Bright Minds Biosciences Inc. is the sponsor of this program (internal code 220045018).
The specific mechanism of action has not been disclosed. As a behavioral intervention, it is designed to enhance intrinsic motivation for treatment engagement rather than through direct pharmacological target engagement.
The program has completed Phase 1 testing as of July 2017. Subsequent development status, including Phase 2 plans or regulatory pathway decisions, has not been disclosed.
Motivational Interviewing is classified as a non-pharmacological intervention (modality: other), distinct from small-molecule or biologic therapeutics.
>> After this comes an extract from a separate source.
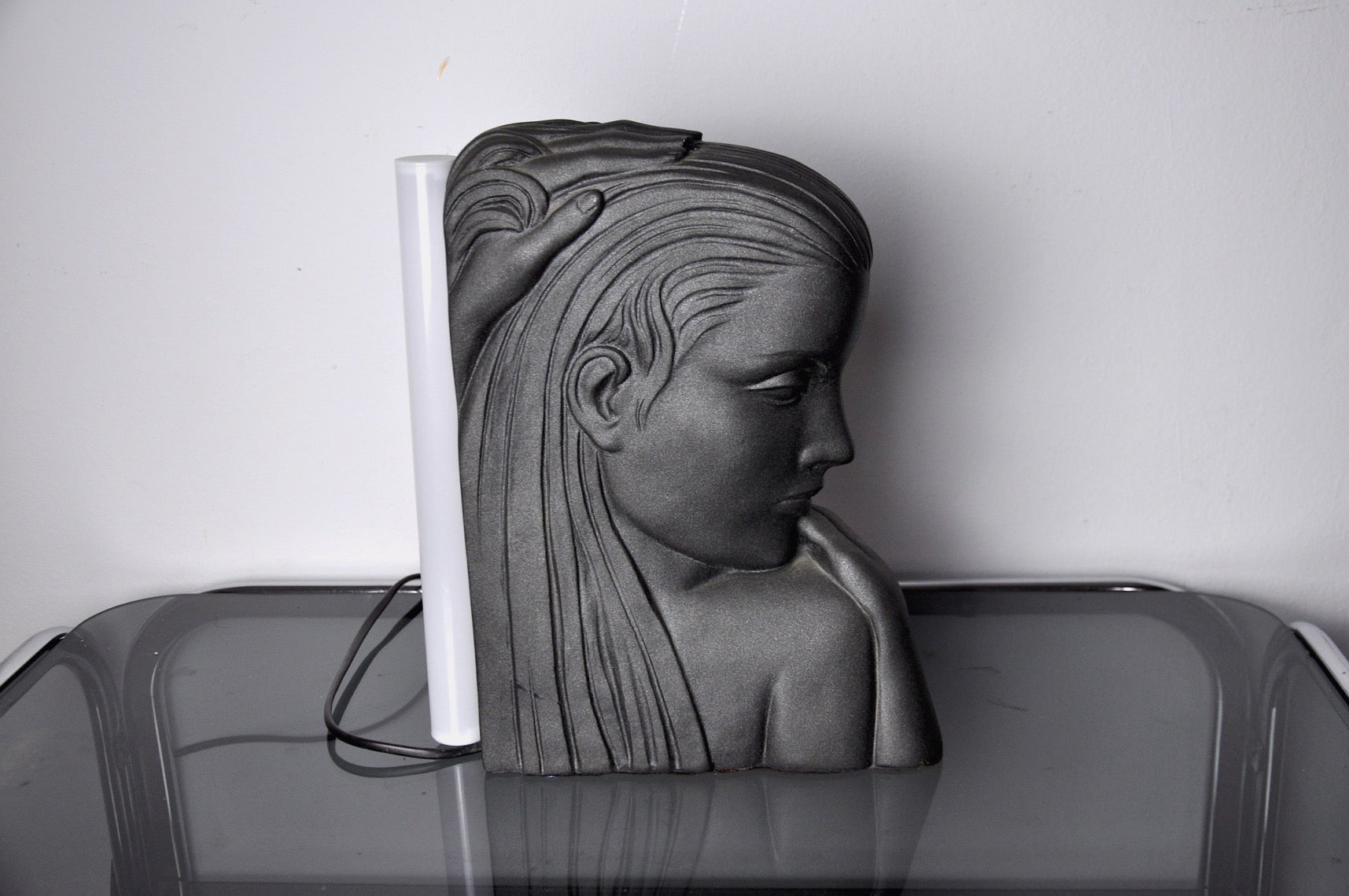 Lampe de table avec buste de femme, France, 1970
NCT00500695 is the registered clinical trial identifier; however, detailed trial design, participant demographics, endpoints, and results have not been disclosed.
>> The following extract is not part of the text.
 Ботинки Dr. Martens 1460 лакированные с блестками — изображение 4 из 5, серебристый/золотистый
Motivational Interviewing is a behavioral intervention that complements rather than replaces antipsychotics. It addresses treatment engagement and adherence challenges, while antipsychotics target core psychotic symptoms.
Pharmacological competitors include clozapine, aripiprazole, paliperidone ER, and iloperidone. Behavioral competitors include cognitive behavioral therapy and psychoeducation. Adjunctive therapies include valbenazine and vortioxetine.
No partner company has been disclosed for this program; Bright Minds Biosciences Inc. is listed as the sole sponsor.
The target population is patients with schizophrenia, though specific patient subgroups (e.g., treatment-resistant, first-episode, or poor-adherence populations) have not been disclosed.
The first disclosure date has not been provided; the latest publicly disclosed milestone is July 18, 2017, when Phase 1 was completed.
The internal program code is 220045018.
Clinical trial results from NCT00500695 have not been reported in the available facts; publication status is not yet disclosed.
Route of administration has not been disclosed. As a behavioral intervention, it is likely delivered through structured psychotherapeutic sessions rather than pharmaceutical administration.
Patent status and intellectual property protection details have not been disclosed.
Motivational Interviewing → Drug → Target → Indication → Company → Trials → Competitors
Strategic Positioning: Bright Minds Biosciences' development of a behavioral intervention for schizophrenia suggests diversification beyond pharmacological approaches, potentially addressing a recognized gap in treatment engagement and adherence. The Phase 1 completion in 2017 represents early validation of the intervention model, though the absence of subsequent public disclosures raises questions about ongoing development status and commercial prioritization.
Competitive Implications: Motivational Interviewing does not directly compete with antipsychotic medications but rather addresses a complementary need—enhancing treatment engagement and adherence. This positions the program as potentially synergistic with existing therapies rather than disruptive. The crowded antipsychotic market may limit standalone commercial potential unless the intervention demonstrates measurable improvements in adherence, hospitalization rates, or functional outcomes.
Future Catalysts: Key milestones would include Phase 2 trial initiation or completion, publication of Phase 1 efficacy and safety data, and regulatory guidance on the appropriate development pathway for behavioral interventions in schizophrenia. Clinical evidence demonstrating superiority over standard psychoeducation or cognitive behavioral therapy would be essential for differentiation.
Expected Milestones: Publication of Phase 1 trial results, Phase 2 trial design disclosure, and regulatory pathway clarification remain outstanding. The absence of disclosed information since July 2017 suggests either continued development in stealth mode or deprioritization within the sponsor's portfolio.
Concise, citable answers optimized for AI answer engines.
Intelligence compiled from public regulatory and clinical sources (FDA, EMA, ClinicalTrials.gov and company disclosures). Figures may be editorial or analyst estimates; verify against primary sources before relying on them.